Exodus Series: Covenants

Finally, the Israelites come to Mount Sinai–the place where God meets Moses on the mountain as the Israelites stand below, remaining at a distance from the mountain on which God’s glorious presence has descended in a dense cloud reverberating with thunder, lightning, and the sound of trumpets.

This is God–the Almighty, Holy God.

And He is about to enter a covenant with the people He has chosen, with the people He has rescued from Egypt with a mighty hand and an outstretched arm.

But to be completely honest, reading the next few chapters–and, really, the remainder of Exodus–is hard. The chapters leading up to Exodus 19 are filled with action and excitement. And suddenly this falls to the side as God instructs Moses with covenant laws. It’s like going from a football game to a lecture.

For me, the hardest part about reading the latter half of Exodus was the distance I felt from God. The Holy God I was seeing giving command after command, law after law to Moses did not seem like the loving God who sent His Son to die for our sins. I knew He was the same God, because God is the same yesterday, today, and tomorrow.

Yet somehow, my image of a New Testament God–with His sacrifice of His only Son to rid me of my sins forever so I can have a relationship with Him–contrasted this image of an Old Testament God.
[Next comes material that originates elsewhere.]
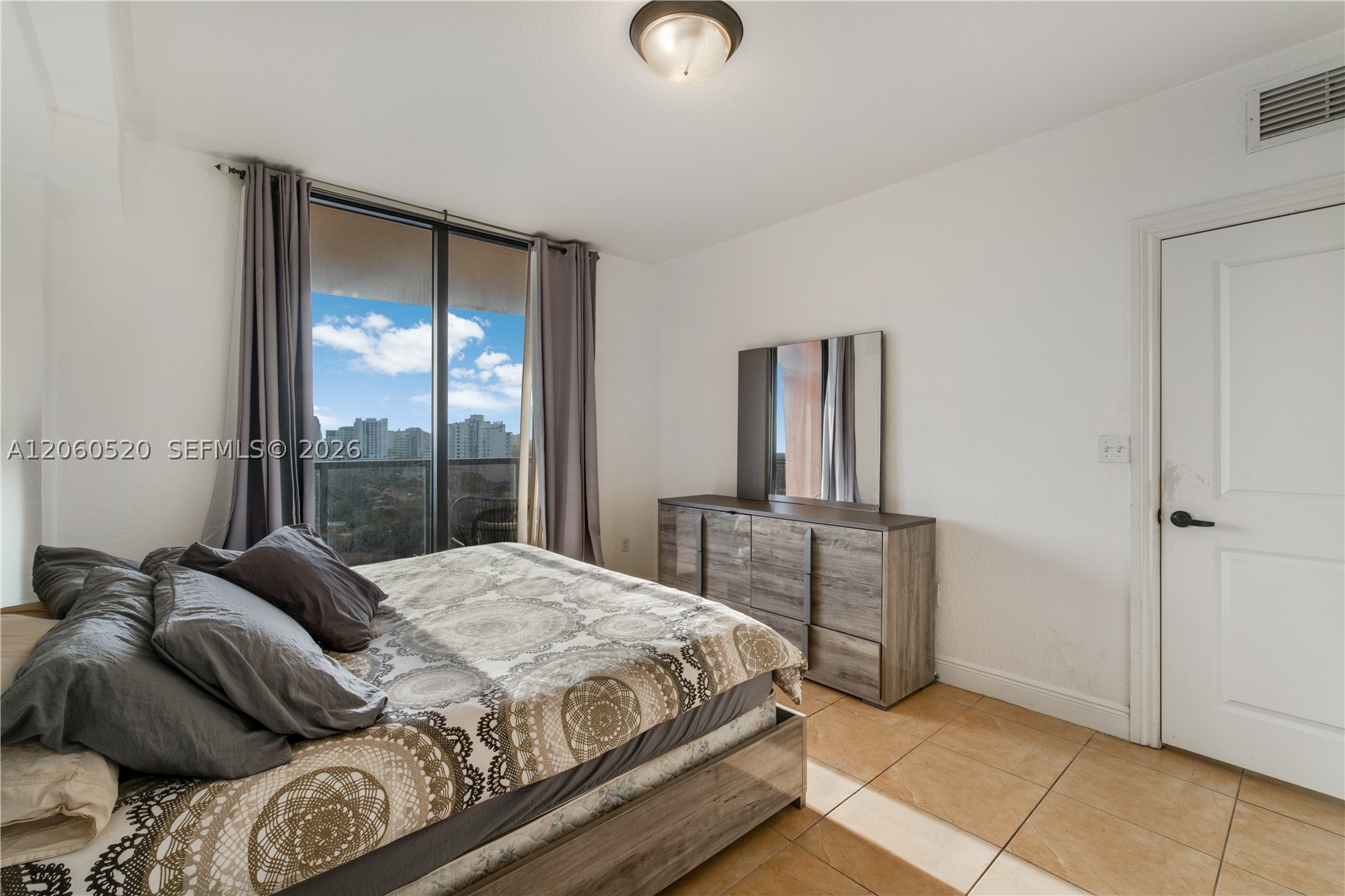 2301 SW 27th Ave #1204, Miami FL 33145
A God who is so holy that He descends on Mount Sinai in the shape of a dense cloud reverberating with thunder, lightning, and the sound of a trumpet.

When reading Exodus–and really, the rest of the first five chapters of the Bible–it’s so easy to get bogged down in these laws and covenants. It’s easy to think, “Okay, God, we get it. There’s rules. There’s a standard of cleanliness. We’re human. We mess up. We take our animal and food sacrifices to the tabernacle. You cleanse us again. You forgive us. We repeat the process until we die.”
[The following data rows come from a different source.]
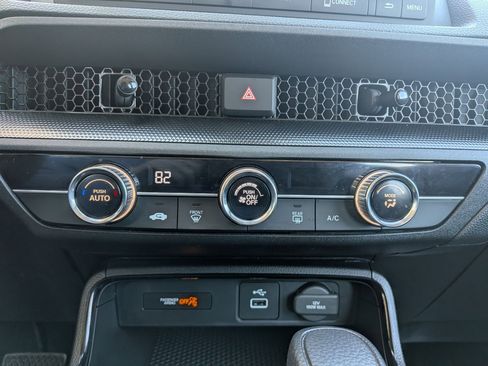 Used 2023 Honda CR-V LX image 21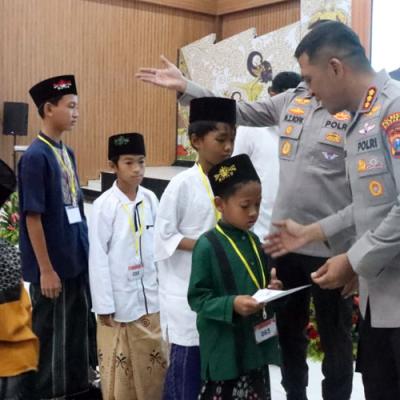 Polresta Sidoarjo Gelar Khitan Massal Gratis, 115 Anak Ikut Antusias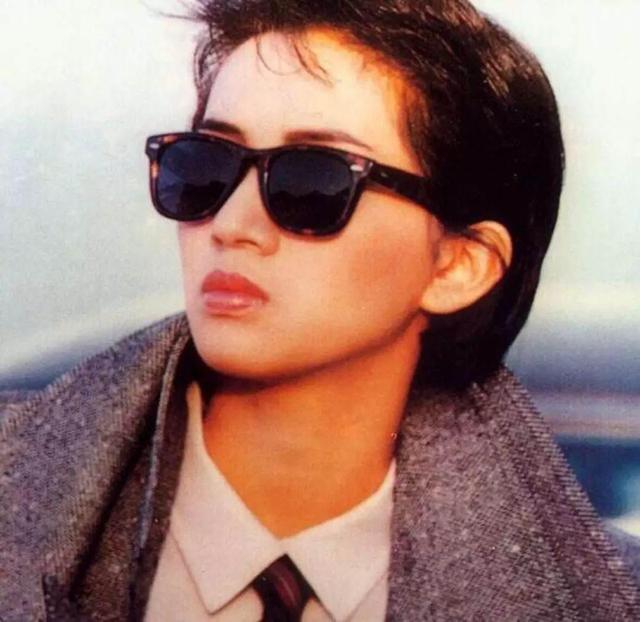 小眼睛、厚嘴唇，这些女星明明不符合大众审美，却个个美艳动人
But, let’s skip way ahead to Leviticus 15:31:

“You must keep the Israelites from their uncleanness, so that they do not die by defiling My tabernacle that is among them.”
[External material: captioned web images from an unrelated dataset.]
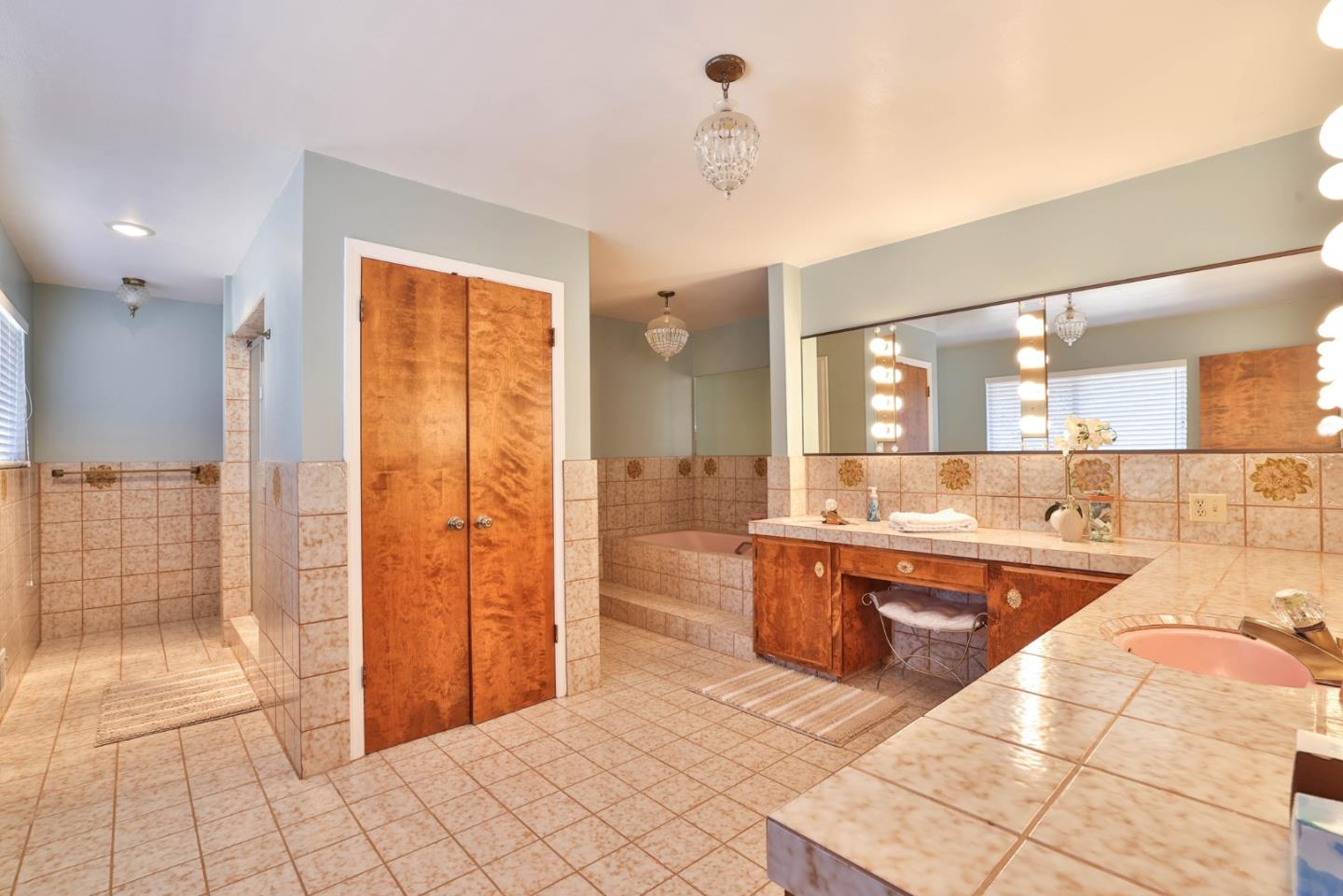 Detail Gallery Image 21 of 46 For 14001 Chester Ave, Saratoga,  CA 95070 - 4 Beds | 3 Baths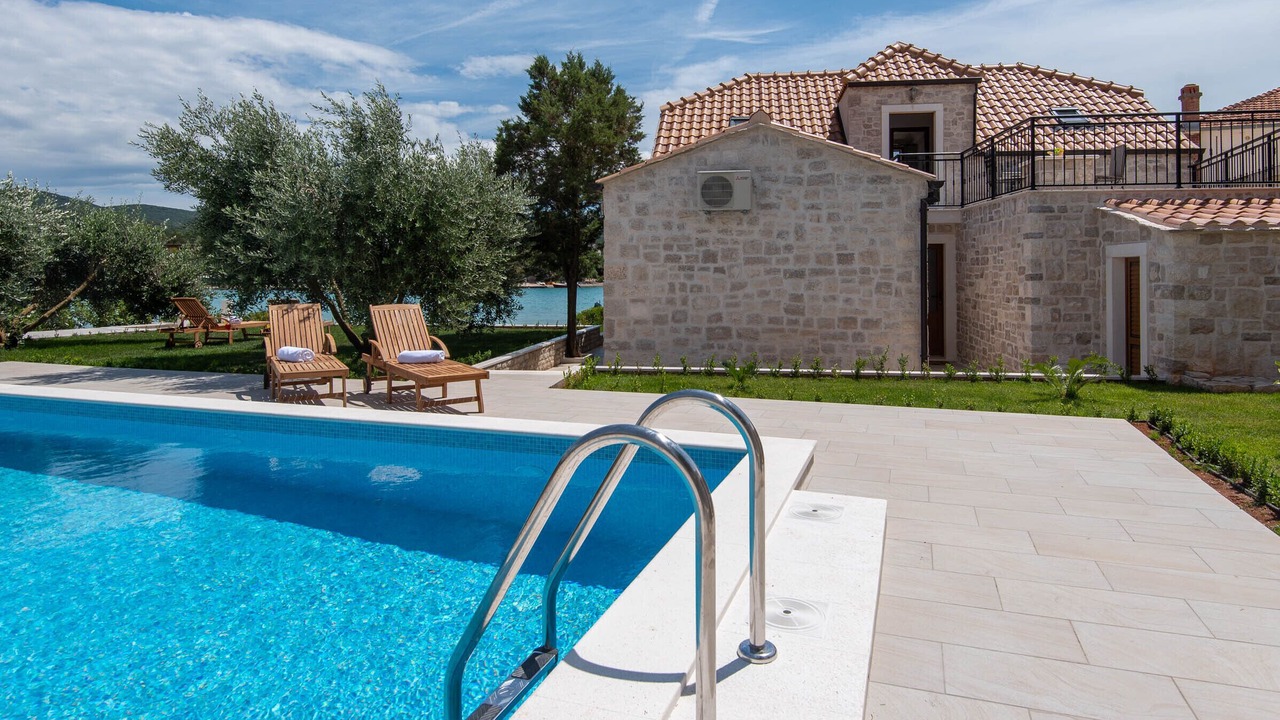 Photo of Outdoor in Loviste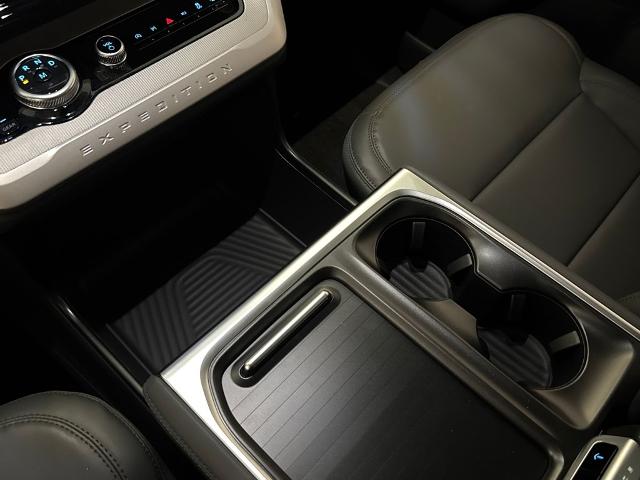 New 2026 Agate Black Metallic Ford MAX Active image 36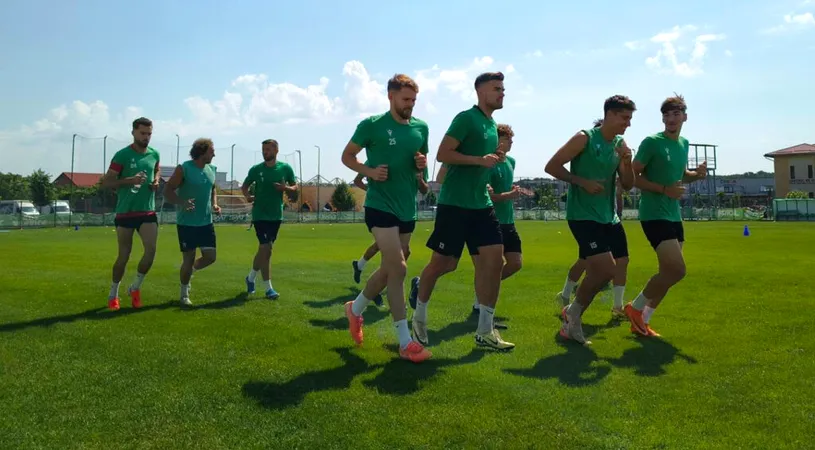 CSC Dumbrăvița va juca șase amicale vara aceasta. Clubul a anunțat o nouă despărțire, dar și alte prelungiri de contracte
God did not give these covenant laws in Exodus to Moses just to keep the Israelites in line. God did not give these laws to weigh them down with do’s and don’ts.

God gave the Israelites these laws to set boundaries of holiness and unholiness, so that by following them, His people would be holy like He is.

So they would be on one level of holiness with Him–and not separated by sin.

God loved the Israelites enough to give them rules and boundaries so that He would not have to see them separated from Him because of their sin.

And even when, in later chapters, God instructs Moses on how to build the tabernacle, He is working with the same purpose. He seeks a way to reside among His people. To create a holy place, a holy ground where He can meet with Moses, Aaron, and Aaron’s sons. Where He can lead the Israelites. Where He can see each Israelite approaching the tent of meeting, sacrifices in hand and sinfulness in heart, seeking to be cleansed.

And God sees the heart of each one coming, and He longs to cleanse them of their sin and uncleanness, to welcome them back to the standard of holiness in which He resides.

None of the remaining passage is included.